NMSU beat South Alabama in Week 14, 22-17. That brought NMSU to 6-6 and made them the fifth bowl-eligible team in the Sun Belt. NMSU’s’ conference, the Sun Belt, has exactly five bowl ties, and they didn’t get passed over for a bid.
(Utah State’s nickname is, confusingly, also “Aggies.” It’s an Aggies-Aggies bowl!)
That the Arizona Bowl extended a bid is fortunate. NMSU probably wouldn’t have been able to play in any of the Sun Belt’s other bowl games for financial reasons.
According to a report from NBC 9 in El Paso, New Mexico State can’t afford any of the Sun Belt’s bowl bids with the lone exception of the Arizona Bowl.
“If you stick us too far back east, then it becomes a financial issue with our fans and if you’re obligated to buy X number of tickets and we can’t sell them to our fans, then it becomes a costly enterprise,” New Mexico State chancellor Garrey Carruthers told the station.
So it’s either the Arizona Bowl or New Mexico State will have to decline their first bowl bid in 57 years.
According to the Las Cruces Sun-News, New Mexico State balanced its budget and cut a total of $12 million. The athletic budget has been reduced by approximately $1 million over the past two years.
NMSU sounds really excited just to be here.

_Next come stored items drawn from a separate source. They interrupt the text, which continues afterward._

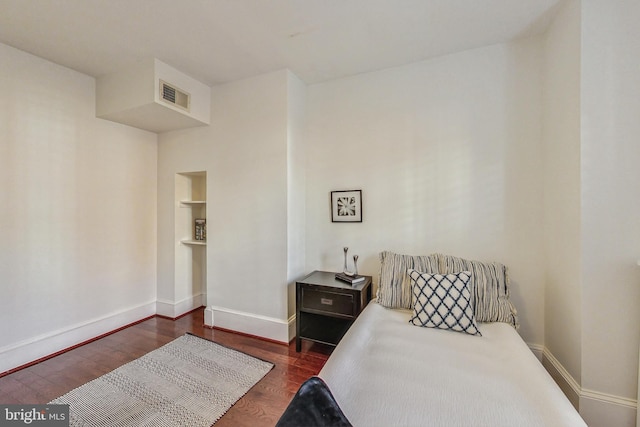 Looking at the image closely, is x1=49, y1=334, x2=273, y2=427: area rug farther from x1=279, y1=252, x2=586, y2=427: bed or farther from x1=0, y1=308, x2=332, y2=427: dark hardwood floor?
x1=279, y1=252, x2=586, y2=427: bed

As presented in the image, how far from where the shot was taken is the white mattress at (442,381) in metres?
1.01

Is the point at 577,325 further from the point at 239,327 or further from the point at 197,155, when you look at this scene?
the point at 197,155

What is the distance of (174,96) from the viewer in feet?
8.34

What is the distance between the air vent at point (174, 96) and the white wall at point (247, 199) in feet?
1.02

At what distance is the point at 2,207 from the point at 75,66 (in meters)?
1.45

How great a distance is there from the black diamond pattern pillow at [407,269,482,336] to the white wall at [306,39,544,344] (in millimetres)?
539

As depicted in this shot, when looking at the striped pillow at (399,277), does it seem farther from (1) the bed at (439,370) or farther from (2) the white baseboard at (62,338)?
(2) the white baseboard at (62,338)

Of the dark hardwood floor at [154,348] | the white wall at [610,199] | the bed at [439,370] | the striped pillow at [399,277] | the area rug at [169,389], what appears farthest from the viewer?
the striped pillow at [399,277]

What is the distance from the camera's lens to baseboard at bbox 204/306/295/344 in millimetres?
2568

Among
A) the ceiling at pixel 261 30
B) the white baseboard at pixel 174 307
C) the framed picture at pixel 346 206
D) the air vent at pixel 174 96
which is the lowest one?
the white baseboard at pixel 174 307

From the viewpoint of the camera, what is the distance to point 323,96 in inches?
110

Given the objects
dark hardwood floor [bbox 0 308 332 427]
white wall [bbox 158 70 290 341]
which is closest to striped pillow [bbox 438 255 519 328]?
dark hardwood floor [bbox 0 308 332 427]

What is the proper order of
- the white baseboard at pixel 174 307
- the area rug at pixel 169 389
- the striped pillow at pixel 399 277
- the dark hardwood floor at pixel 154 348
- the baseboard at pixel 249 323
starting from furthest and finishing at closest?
the white baseboard at pixel 174 307 < the baseboard at pixel 249 323 < the striped pillow at pixel 399 277 < the dark hardwood floor at pixel 154 348 < the area rug at pixel 169 389

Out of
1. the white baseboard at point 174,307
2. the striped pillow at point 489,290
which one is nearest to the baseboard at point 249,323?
the white baseboard at point 174,307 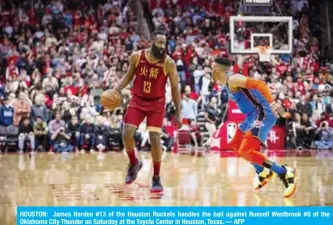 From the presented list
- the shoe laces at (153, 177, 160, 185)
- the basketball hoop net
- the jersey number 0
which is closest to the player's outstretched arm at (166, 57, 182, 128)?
the jersey number 0

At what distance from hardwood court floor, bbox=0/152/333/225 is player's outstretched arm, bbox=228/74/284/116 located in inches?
37.2

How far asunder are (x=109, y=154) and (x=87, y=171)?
4039mm

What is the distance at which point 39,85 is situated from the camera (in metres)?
15.9

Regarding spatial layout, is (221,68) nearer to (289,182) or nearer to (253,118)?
(253,118)

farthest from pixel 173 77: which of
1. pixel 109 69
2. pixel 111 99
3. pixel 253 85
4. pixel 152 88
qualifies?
pixel 109 69

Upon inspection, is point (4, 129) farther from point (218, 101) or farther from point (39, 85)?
point (218, 101)

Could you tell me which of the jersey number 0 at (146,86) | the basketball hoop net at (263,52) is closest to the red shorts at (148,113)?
the jersey number 0 at (146,86)

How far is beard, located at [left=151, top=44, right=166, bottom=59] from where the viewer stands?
6876 mm

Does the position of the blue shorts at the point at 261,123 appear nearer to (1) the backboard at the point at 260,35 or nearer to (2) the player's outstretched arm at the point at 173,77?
(2) the player's outstretched arm at the point at 173,77

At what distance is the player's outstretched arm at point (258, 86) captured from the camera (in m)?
6.66

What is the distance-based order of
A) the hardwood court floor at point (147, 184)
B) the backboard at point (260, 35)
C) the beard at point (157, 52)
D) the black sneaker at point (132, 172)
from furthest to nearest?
the backboard at point (260, 35)
the black sneaker at point (132, 172)
the beard at point (157, 52)
the hardwood court floor at point (147, 184)

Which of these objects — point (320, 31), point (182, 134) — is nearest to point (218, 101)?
point (182, 134)

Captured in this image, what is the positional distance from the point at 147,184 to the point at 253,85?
6.40 feet

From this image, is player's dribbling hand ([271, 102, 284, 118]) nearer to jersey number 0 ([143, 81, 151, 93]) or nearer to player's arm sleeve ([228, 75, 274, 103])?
player's arm sleeve ([228, 75, 274, 103])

“This was the bowl that we all wanted to be in, just the proximity to Las Cruces and our fans being able to get here, and again we have a lot of kids from this area,” head coach Doug Martin said upon the team’s arrival on Tuesday. “So, there was some nervous time to the end there, but we finally got that done and then we saw who we were playing and that was even better. Things couldn’t have worked out better for us.”
Here’s how they celebrated when they got their bid:
Try not to get emotional watching this scene
NMSU has been fielding a top-division team for nearly 85 years. The Aggies hadn’t been rewarded with a bowl bid in nearly six decades. Watching on mute as fans storm the field, players embrace, and head coach Doug Martin cries through his postgame interview, you’d think they’d just won the national title.
NMSU had a quietly special year, and this game is the reward.
It’s hard to win in Las Cruces, which is in a recruiting wasteland. The football program has comparatively little money and had gone 2-10 or 3-9 in each of Martin’s first four seasons leading the program.
Not this year, though. NMSU has a postseason, and that’s awesome.